Response to Reviewer 1

First, we would like to thank the reviewer for his comments and suggestions. In this document, we provide a response to each of the comments in the sections below. We are confident that the reviewer's comments and suggested changes will improve the quality of the article.

 

The blue text is the reviewer's comment/suggestion.

Author response: The black text is the response to the comment/suggestion.

Line 999. The text highlighted in yellow is the text that has been added or changed in the paper.

 

  1. The authors repeatedly refer to ‘anomalous PT-13 stations’ throughout the text. It is suggested that they find out a short or contracted form for this phrase as this would improve the text.

Author response: We agreed with the reviewer's suggestion and changed ‘anomalous PT-13 station’ to ‘anomalous station’ throughout the text.

Line 216. It also shows that the “anomalous” segment is located between of the confluence of Ribeirão Ferro-Carvão with the Paraopeba River and the physical barrier called Igarapé weir (PT-14, located 53.9 km downstream of B1 dam site). The PT-13 station, hereafter referred to as the “anomalous station”, corresponds to the sector most impacted by the tailings dump, as per the report of Arcadis company about mechanical drillings executed along the river and corresponding characterization of sediment and tailings testimonies [45].

 

  1. Line 556, correct ‘comportment’ spelling

Author response: ‘comportment’ is correct.

Line 560. Thus, the non-clay fractions maintained a non-cohesive behavior, responding to flow in-creases the same way as in the dry period, while the clay fraction’s comportment reversed due to cohesive forces. Regardless the season, the resuspension of sediments was accompanied by the mobilization of metals.

 

  1. Line 714-715, the authors reported lesser accuracy for the MLP NN than for the MLR. This is a surprising result, as ML methods are more robust in capturing the non-linear interactions among the variables. The authors need to justify this result.

Author response: In reality, the 2 models give similar results. It should be noted that the data used come from an area affected by an environmental disaster and that the Paraopeba River is a natural, open system with a lot of variability, for example in the dry and rainy periods. MLP NN performs best in the following sections.

Line 720. The fit of MLP neural networks resulted in R2adjust = 0.79 (on average), which is similar than that of MLR models (0.84).

 

 

 

  1. The measured concentrations at the stations would have been divided into ‘training’ and ‘validating’ dataset. The authors need to provide this information for the benefit of the prospective research.

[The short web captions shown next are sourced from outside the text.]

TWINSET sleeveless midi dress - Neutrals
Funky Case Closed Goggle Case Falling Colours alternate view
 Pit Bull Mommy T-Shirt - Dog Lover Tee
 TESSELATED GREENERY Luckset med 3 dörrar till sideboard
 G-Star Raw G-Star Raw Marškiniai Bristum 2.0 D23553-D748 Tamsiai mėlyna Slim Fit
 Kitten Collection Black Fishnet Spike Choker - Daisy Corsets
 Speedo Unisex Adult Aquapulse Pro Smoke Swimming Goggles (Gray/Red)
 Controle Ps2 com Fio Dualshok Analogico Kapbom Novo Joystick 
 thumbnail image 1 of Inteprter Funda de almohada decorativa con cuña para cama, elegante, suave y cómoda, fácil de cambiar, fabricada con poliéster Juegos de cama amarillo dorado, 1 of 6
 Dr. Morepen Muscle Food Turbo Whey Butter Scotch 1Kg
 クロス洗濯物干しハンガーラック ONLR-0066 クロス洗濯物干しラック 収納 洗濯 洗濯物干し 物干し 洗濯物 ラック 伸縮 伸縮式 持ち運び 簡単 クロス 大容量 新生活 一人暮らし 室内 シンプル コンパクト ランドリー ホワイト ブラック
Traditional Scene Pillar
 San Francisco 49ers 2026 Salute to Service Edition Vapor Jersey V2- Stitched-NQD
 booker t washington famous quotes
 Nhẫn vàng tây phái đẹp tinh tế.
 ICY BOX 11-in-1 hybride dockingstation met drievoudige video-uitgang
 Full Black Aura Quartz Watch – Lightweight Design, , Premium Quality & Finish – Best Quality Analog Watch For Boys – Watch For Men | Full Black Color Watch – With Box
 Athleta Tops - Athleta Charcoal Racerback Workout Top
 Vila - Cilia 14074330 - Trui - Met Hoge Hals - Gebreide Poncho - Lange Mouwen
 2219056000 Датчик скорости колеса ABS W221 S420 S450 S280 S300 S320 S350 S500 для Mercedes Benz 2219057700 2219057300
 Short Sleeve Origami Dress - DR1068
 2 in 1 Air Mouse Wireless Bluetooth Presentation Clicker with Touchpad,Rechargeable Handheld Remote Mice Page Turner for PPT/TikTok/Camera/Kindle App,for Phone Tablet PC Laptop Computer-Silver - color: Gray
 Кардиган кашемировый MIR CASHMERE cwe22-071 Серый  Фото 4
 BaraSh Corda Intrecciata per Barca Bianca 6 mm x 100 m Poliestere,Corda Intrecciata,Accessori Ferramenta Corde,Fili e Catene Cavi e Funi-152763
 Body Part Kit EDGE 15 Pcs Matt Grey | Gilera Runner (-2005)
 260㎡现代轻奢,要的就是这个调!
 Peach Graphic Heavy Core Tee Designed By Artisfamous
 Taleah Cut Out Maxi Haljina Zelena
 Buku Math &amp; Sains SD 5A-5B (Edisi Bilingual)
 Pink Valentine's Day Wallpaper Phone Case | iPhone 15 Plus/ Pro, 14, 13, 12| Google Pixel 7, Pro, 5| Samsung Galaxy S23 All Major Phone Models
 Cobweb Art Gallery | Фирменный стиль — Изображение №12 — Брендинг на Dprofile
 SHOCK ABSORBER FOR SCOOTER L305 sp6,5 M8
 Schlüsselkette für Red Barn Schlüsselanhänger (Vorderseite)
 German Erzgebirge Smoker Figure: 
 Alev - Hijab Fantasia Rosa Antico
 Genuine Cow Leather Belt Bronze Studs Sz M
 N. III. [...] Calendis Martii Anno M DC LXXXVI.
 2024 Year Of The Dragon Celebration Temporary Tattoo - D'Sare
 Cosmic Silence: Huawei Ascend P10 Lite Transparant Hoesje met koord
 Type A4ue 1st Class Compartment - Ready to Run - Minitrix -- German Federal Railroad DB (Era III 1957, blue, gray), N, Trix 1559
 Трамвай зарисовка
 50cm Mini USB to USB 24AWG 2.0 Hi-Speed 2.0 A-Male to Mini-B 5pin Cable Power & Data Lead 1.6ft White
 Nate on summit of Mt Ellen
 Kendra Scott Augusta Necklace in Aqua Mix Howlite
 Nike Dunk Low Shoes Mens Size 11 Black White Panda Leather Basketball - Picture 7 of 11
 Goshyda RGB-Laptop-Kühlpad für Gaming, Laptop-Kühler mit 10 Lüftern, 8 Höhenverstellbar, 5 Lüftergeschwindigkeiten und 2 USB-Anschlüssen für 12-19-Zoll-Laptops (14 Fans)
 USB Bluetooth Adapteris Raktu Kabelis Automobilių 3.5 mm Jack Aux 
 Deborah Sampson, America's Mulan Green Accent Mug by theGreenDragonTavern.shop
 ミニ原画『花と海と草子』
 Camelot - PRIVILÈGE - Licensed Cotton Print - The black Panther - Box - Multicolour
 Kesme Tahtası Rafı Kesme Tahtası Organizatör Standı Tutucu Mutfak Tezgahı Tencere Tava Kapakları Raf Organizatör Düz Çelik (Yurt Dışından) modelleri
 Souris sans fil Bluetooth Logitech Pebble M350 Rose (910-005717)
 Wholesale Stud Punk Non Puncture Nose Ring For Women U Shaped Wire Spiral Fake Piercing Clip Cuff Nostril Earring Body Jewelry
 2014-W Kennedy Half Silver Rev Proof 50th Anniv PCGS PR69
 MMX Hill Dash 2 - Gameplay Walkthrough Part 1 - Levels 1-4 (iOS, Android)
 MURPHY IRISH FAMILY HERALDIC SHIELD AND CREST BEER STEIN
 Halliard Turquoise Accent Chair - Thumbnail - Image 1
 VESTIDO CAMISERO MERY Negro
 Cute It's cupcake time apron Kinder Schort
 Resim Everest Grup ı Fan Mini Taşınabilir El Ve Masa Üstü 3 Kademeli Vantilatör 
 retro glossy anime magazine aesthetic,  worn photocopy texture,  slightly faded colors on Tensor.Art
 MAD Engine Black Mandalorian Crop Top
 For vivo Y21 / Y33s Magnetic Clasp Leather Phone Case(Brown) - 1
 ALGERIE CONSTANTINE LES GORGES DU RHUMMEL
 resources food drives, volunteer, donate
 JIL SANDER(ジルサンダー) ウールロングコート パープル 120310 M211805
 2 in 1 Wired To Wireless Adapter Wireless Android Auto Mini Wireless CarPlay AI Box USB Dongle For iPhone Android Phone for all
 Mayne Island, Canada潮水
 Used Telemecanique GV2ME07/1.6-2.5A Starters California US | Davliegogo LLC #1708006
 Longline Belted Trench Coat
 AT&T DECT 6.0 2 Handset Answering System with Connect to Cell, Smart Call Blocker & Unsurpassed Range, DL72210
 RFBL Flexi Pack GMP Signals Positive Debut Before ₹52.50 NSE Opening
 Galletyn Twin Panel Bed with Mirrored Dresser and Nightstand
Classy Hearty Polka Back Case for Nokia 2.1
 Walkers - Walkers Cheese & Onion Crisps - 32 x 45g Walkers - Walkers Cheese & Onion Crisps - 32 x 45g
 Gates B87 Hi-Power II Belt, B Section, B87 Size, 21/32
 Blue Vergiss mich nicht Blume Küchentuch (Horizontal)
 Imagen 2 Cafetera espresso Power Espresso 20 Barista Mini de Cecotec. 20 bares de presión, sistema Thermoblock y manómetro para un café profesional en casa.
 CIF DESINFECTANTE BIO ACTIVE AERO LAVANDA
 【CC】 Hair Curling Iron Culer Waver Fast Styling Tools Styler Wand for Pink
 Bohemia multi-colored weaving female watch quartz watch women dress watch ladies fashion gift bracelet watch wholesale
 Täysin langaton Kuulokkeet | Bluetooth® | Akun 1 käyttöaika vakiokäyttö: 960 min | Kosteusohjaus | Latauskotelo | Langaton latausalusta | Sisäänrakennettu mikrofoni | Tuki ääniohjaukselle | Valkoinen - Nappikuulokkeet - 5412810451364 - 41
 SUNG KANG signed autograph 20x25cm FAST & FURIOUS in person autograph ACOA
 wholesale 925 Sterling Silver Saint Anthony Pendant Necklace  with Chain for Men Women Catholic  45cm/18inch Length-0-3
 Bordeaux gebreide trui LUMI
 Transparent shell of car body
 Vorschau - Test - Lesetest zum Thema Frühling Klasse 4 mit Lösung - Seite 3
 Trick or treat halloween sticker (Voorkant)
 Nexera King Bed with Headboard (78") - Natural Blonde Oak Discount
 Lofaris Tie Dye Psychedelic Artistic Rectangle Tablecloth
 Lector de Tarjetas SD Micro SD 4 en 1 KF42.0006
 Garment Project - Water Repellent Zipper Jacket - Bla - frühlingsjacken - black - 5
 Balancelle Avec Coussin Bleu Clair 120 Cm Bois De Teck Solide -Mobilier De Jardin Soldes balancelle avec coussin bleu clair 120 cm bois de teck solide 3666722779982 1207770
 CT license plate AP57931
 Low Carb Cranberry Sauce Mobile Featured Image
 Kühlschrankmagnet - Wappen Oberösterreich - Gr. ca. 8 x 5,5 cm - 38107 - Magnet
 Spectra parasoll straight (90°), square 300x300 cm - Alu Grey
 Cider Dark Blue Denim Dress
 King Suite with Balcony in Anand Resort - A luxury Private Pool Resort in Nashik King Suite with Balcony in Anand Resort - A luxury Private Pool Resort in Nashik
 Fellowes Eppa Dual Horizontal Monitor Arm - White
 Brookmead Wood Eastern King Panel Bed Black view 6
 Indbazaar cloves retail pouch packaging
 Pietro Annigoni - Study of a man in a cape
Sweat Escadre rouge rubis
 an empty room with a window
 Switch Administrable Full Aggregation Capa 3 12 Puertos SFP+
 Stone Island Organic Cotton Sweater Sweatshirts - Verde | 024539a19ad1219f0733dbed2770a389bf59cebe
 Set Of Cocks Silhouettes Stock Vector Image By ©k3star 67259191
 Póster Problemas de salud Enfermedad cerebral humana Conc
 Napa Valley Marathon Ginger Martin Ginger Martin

Author response: The data used corresponds to the period from the dam failure in 2019 to the end of 2021 at the time of this study. Thus, the training method was cross-validation with 3 folds.

Line 342. The training method was identical for all models and cross-validation with 3 folds was used.

 

  1. The authors have two stations in the anomalous zone, i.e. PT 13 and PT 14 but they have only talked about PT-13 only. What may be the reason for it? The narration would be more complete if they advance a reason for this.

Author response: We appreciate the suggestion and have improved the text to make it clearer (modified sentences are highlighted in yellow).

Line 216. It also shows that the “anomalous” segment is located between of the confluence of Ribeirão Ferro-Carvão with the Paraopeba River and the physical barrier called Igarapé weir (PT-14, located 53.9 km downstream of B1 dam site). The PT-13 station, hereafter referred to as the “anomalous station”, corresponds to the sector most impacted by the tailings dump, as per the report of Arcadis company about mechanical drillings executed along the river and corresponding characterization of sediment and tailings testimonies [45].

Lines 445, 450, 452, 468, 471, 538, 593, 596, 646, 658, 659, 824, 830, 848, 860, 863.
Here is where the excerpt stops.